» What you are asked to do: Among the lines of the listing below, retype exactly those from the one containing "Fotomural o papel pintado bob esponja" through the one containing "Tasse 2 Couleurs", both included. Do not include pictures.

» Source records:
::::::

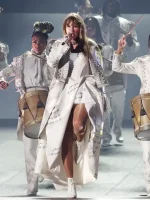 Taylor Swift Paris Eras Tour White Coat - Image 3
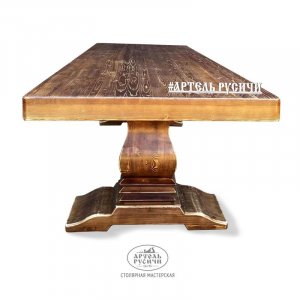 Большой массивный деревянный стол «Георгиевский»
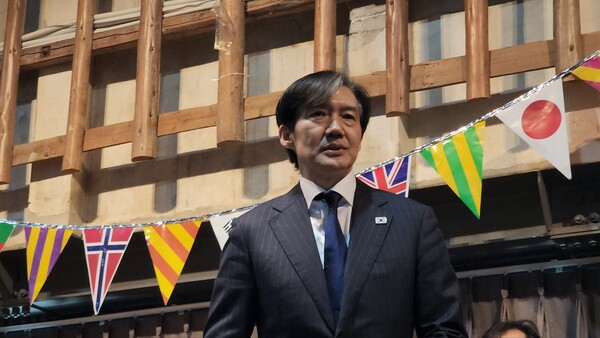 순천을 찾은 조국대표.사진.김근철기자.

::::::

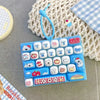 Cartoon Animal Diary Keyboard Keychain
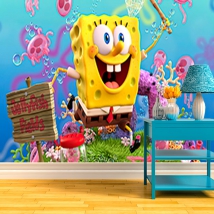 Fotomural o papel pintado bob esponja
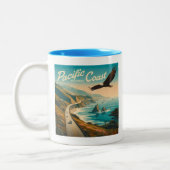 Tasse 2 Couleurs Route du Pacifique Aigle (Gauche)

::::::

» Expected answer:
 Fotomural o papel pintado bob esponja
 Tasse 2 Couleurs Route du Pacifique Aigle (Gauche)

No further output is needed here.